Abigail Thorn, la philosophe derrière la populaire chaîne YouTube « Philosophy Tube », incarne également cet esprit. Ses vidéos – parsemées de scénarios, de costumes et d’effets créatifs pleins d’esprit – présentent des concepts philosophiques complexes d’une manière engageante et accessible. Comme Attiah, Thorn s’efforce de rendre l’apprentissage accessible au public, remettant en question l’autorité sans contraintes académiques.
Ces éducateurs suivent les traces de Stuart Hall, un spécialiste des études culturelles qui a défié les frontières du monde universitaire dans les années 1960 et 1970. Il pensait que l’éducation devait s’affranchir des tours d’ivoire et s’adresser directement au public. Son documentaire de la BBC « It Ain’t Half-Racist, Mum » abordait les préjugés raciaux dans les représentations médiatiques des immigrants noirs – une approche révolutionnaire pour l’époque.
Cette tendance transcende les efforts individuels. À l’échelle mondiale, les espaces de hackers et de créateurs – des centres communautaires dédiés à l’apprentissage pratique des sciences et de l’ingénierie – prolifèrent. Ces espaces proposent des cours diversifiés allant de l’électronique à l’impression 3D, en passant par le soudage, etc. Ils s’adressent aux apprenants qui recherchent des connaissances interactives et appliquées plutôt que des formats de cours traditionnels.
Comme Adams l’a prévenu il y a plus d’un siècle, l’éducation doit anticiper l’avenir, en nous dotant des compétences pertinentes et en comprenant ce qui nous attend. Dans ce monde en évolution rapide, la liberté académique pourrait bien trouver sa véritable expression en dehors des institutions traditionnelles. La crise à laquelle sont confrontées les universités est indéniable, mais la mission fondamentale de l’éducation – explorer, comprendre et responsabiliser – semble sur le point de perdurer, évoluant grâce à des approches innovantes telles que « l’école d’été de la résistance » d’Attiah et les conférences YouTube captivantes de Thorn.

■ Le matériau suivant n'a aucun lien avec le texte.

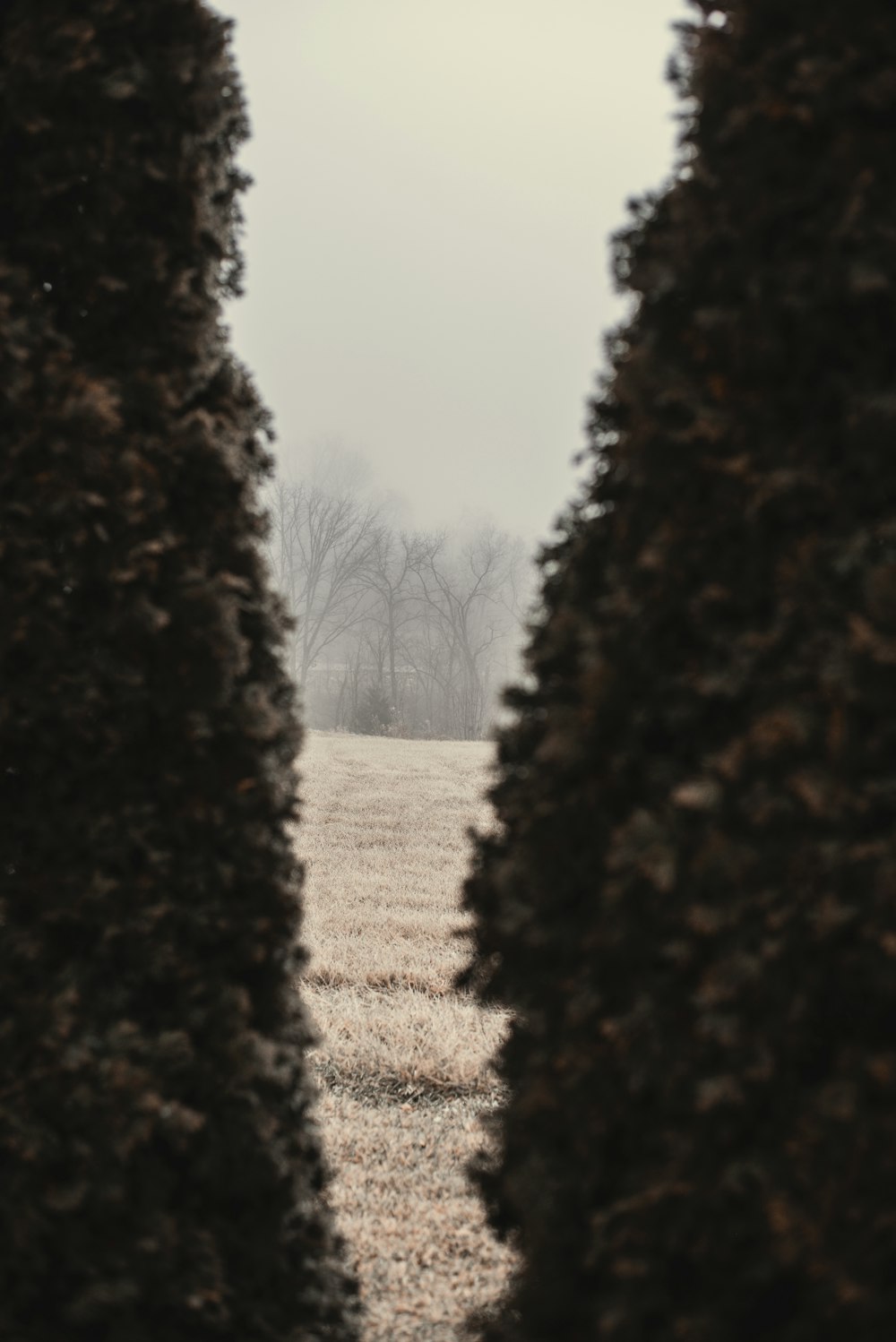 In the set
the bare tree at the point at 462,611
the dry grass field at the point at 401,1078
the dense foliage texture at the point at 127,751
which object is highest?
the bare tree at the point at 462,611

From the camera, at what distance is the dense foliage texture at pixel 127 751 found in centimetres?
222

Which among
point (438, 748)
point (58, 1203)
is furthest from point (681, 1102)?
point (438, 748)

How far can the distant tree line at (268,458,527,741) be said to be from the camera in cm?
3562

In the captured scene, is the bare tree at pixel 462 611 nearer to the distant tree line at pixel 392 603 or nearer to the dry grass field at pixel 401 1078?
the distant tree line at pixel 392 603

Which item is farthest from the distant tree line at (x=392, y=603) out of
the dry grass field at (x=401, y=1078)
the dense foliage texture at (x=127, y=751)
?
the dense foliage texture at (x=127, y=751)

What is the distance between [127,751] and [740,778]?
1.40 metres

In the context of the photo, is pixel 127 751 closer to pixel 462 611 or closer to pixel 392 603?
pixel 392 603

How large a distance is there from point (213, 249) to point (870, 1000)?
87.4 inches

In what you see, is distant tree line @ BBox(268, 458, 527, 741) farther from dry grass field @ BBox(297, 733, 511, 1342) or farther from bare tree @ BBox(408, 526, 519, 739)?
dry grass field @ BBox(297, 733, 511, 1342)

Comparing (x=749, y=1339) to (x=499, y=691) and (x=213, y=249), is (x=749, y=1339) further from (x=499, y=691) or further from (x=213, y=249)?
(x=213, y=249)

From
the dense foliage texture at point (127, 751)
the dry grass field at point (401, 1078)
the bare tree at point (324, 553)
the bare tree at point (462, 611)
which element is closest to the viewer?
the dense foliage texture at point (127, 751)

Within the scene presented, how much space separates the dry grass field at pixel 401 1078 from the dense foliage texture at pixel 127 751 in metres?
0.60

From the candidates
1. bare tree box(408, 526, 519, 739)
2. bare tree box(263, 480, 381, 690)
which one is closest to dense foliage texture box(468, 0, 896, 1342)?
bare tree box(408, 526, 519, 739)

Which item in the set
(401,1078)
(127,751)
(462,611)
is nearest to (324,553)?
(462,611) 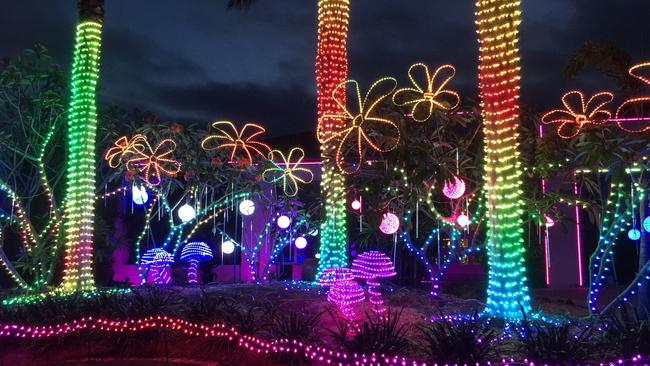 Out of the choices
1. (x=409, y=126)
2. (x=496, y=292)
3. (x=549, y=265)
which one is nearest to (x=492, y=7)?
(x=409, y=126)

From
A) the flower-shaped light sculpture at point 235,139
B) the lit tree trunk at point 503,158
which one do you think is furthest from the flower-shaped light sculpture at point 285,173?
the lit tree trunk at point 503,158

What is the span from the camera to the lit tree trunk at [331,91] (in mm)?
11828

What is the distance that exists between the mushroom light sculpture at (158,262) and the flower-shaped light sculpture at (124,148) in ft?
7.73

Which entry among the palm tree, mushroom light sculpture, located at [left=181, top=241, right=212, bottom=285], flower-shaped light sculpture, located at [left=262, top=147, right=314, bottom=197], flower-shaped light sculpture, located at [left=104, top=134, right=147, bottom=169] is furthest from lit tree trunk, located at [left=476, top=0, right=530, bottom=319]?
mushroom light sculpture, located at [left=181, top=241, right=212, bottom=285]

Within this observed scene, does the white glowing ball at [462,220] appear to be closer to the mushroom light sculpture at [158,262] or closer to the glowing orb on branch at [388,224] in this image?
the glowing orb on branch at [388,224]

En adoptant ces voies alternatives, nous assisterons peut-être non pas à la fin de l’éducation, mais plutôt à une réinvention audacieuse pour le 21e siècle. L’avenir de l’apprentissage pourrait très bien se situer en dehors des salles sacrées du monde universitaire, dans des espaces dynamiques où la curiosité intellectuelle s’épanouit sans barrières institutionnelles.